Homework2: Compute Histogram

Homework 2: Compute Histogram

In this homework, you will compute the histogram for employee's salaries from the employee table in DB2 sample database (employee table). If you want to create the table by yourself, you need to create a table employee with this schema and load the sample data into the database first.  You can find examples on stored procedures and JDBC.

A histogram is the probability distribution of a continuous variable, represented by frequencies of the variables falling into a bin. In this homework, your histogram program takes an initial value (inclusive), an end value (exclusive), and the number of bins, e.g., histogram(start, end, number), and it returns a set of bins with bin number, frequency, bin's start value, and bin's end value, i.e., (binnum, frequency, binstart, binend). For example:

binnum frequency binstart binend

1       2        35000 40000

2       3        40000 45000

Q1 (5 points). You will write a stored procedure in SQL/PL (gen_salary_histogram.sql) to implement it. Please consider performance in your implementation.
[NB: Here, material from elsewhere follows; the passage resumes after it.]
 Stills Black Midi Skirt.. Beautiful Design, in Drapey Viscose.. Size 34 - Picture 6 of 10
For example, multiple queries on the same table will involve multiple scans, and could lead to slow performance. 

When the stored procedure is called, the histogram is returned and stored in a predefined table. Alternatively, you can return the result as an array. Refer to "Array support in SQL procedures".

To test your code, please use lower bound 30,000, upper bound 170,000, and interval 20,000 to generate a sample result.  
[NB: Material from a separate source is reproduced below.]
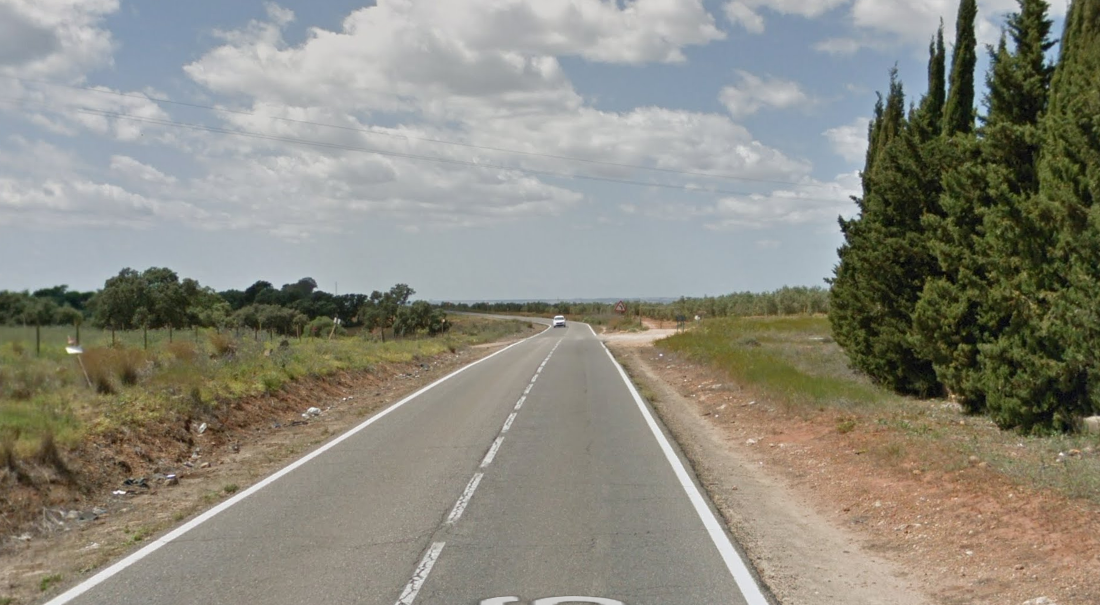 La carretera donde ha muerto una persona tras la colisión entre un ciclomotor y un coche de caballos.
e.g., run the query "call gen_salary_histogram(30000, 170000, 7)"

Q2 (5 points). Implement the same function with a JDBC program SalaryHistogram (not a java stored procedure), with three parameters as arguments (binnum, frequency, binstart, binend), in addition to dbname, login, password. Again, you should consider only querying the table once to generate the result to maximize performance. No built-in aggregation function is allowed.  

Homework 2 Submission (10 points)

Please zip your SQL code gen_salary_histogram.sql,  sample result (result.txt), and SalaryHistogram.java, and a readme file on how to run your program.

Please go to brightspace, and submit it under homework 2.